▶ Your assignment
Without the pictures, repeat the listing character for character.
▽
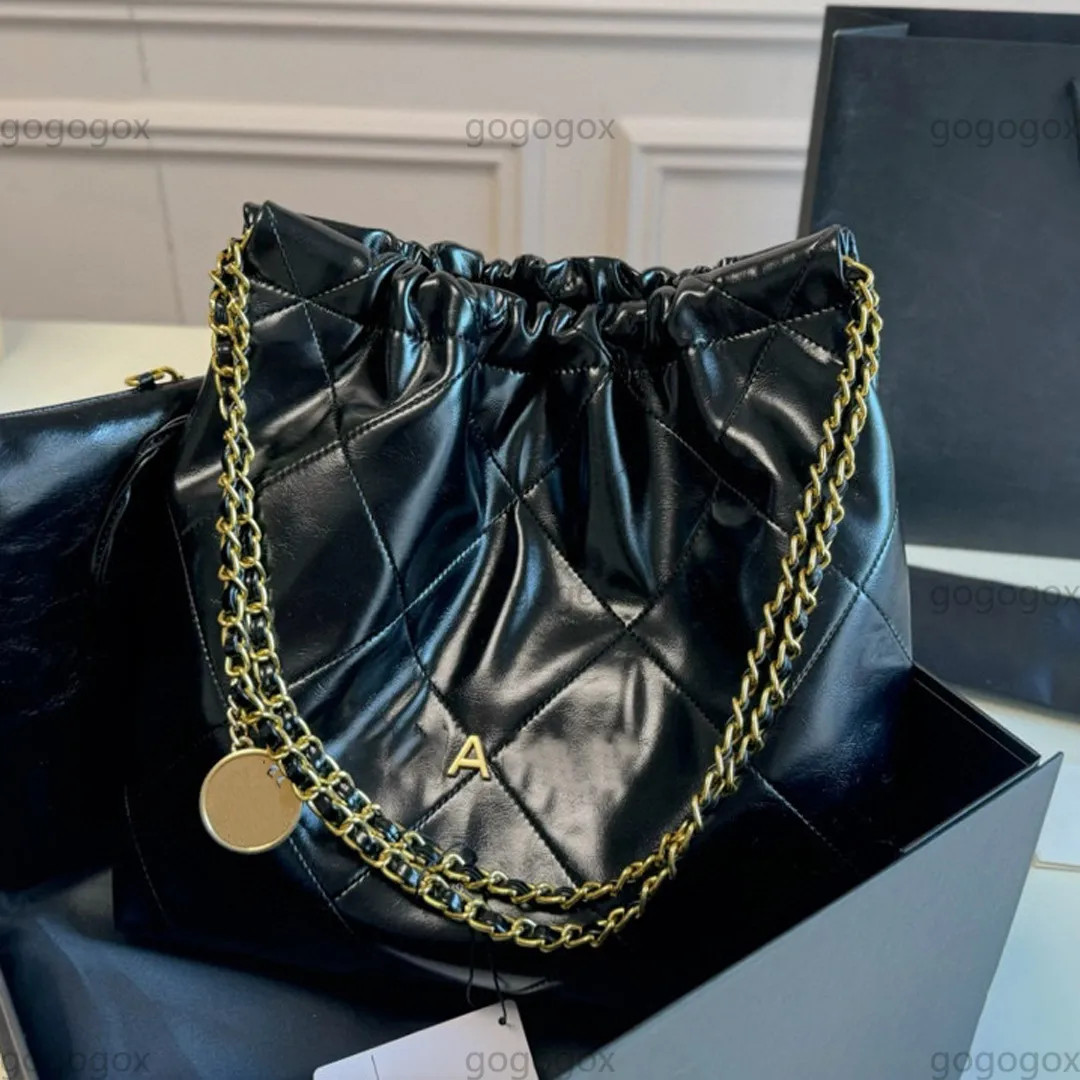 10A 2025 new designer bag fashionable diamond grid chain large capacity bucket bag hand-held sing... | DHGate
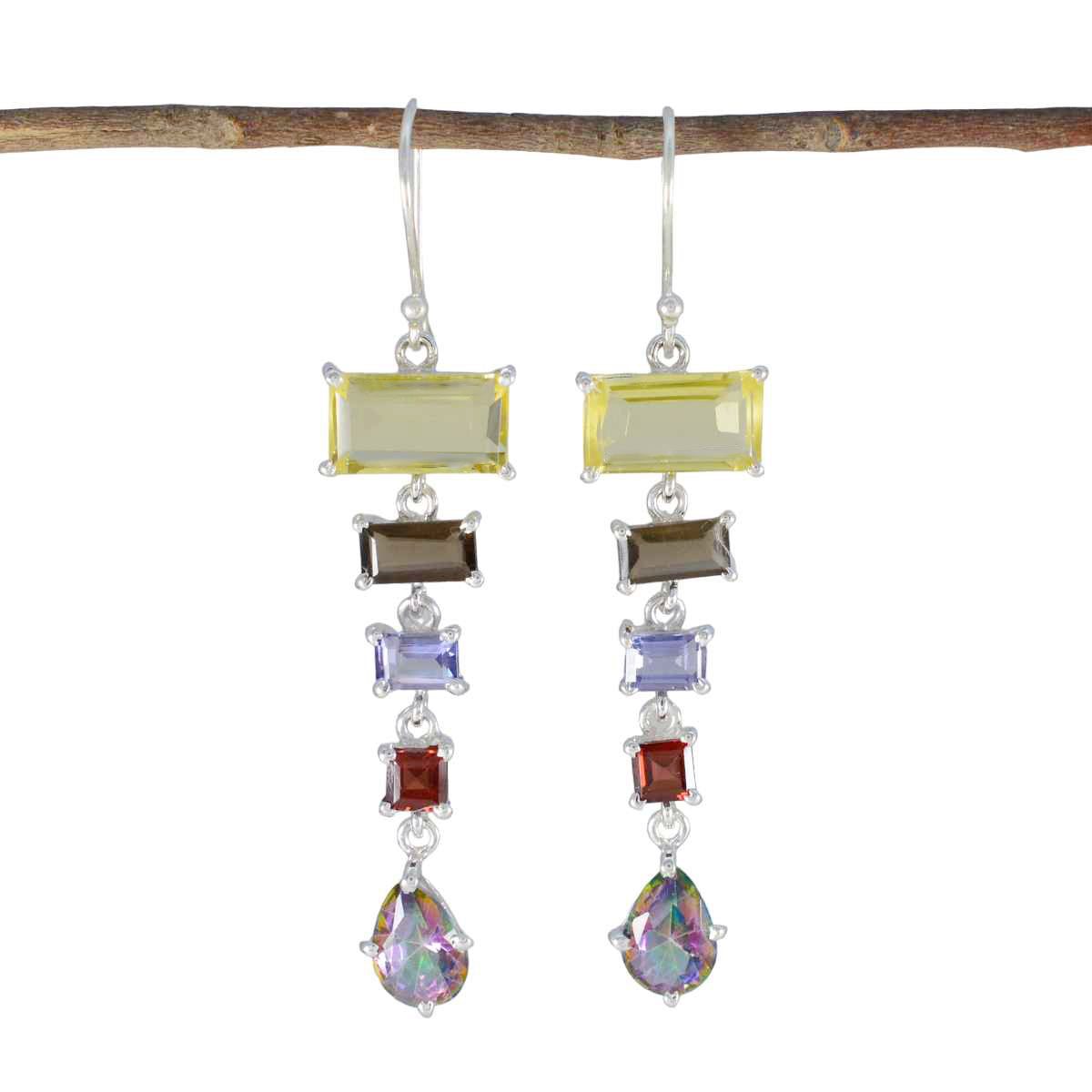 Multi-Italian-Zoey-Penta-Dangle-multicolor-92.5-Silver-Earring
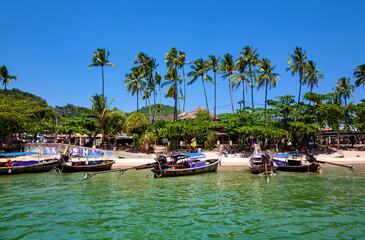 Railay West Beach, Krabi Province, Thailand.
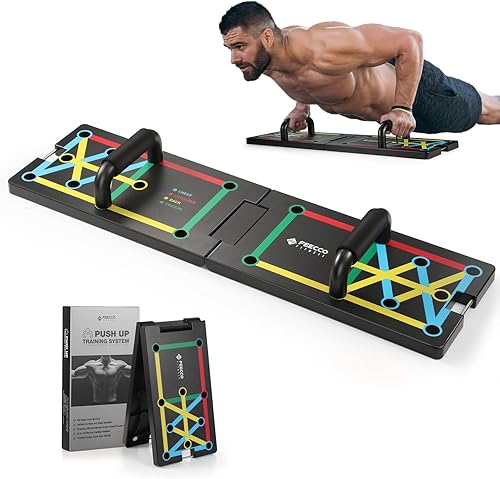 FEECCO - Tabla de empujar, diseño plegable con asas suaves, para todos los tamaños de cuerpo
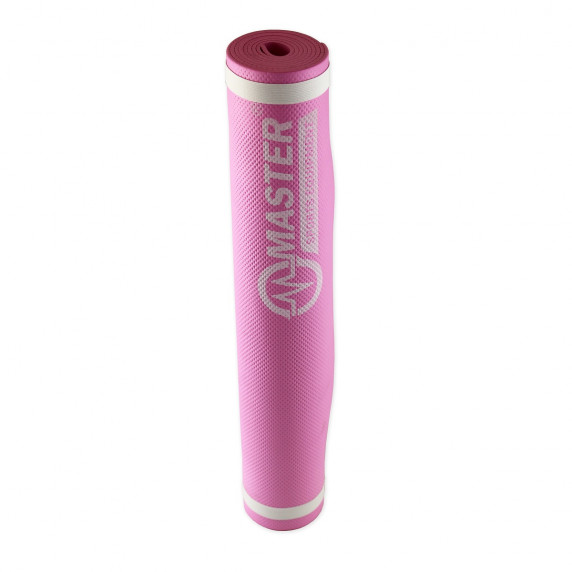 Jógamatrac 4 mm 173x60 cm MASTER Yoga EVA - rózsaszín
△
▶ Written solution
 10A 2025 new designer bag fashionable diamond grid chain large capacity bucket bag hand-held sing... | DHGate
 Multi-Italian-Zoey-Penta-Dangle-multicolor-92.5-Silver-Earring
 Railay West Beach, Krabi Province, Thailand.
 FEECCO - Tabla de empujar, diseño plegable con asas suaves, para todos los tamaños de cuerpo
 Jógamatrac 4 mm 173x60 cm MASTER Yoga EVA - rózsaszín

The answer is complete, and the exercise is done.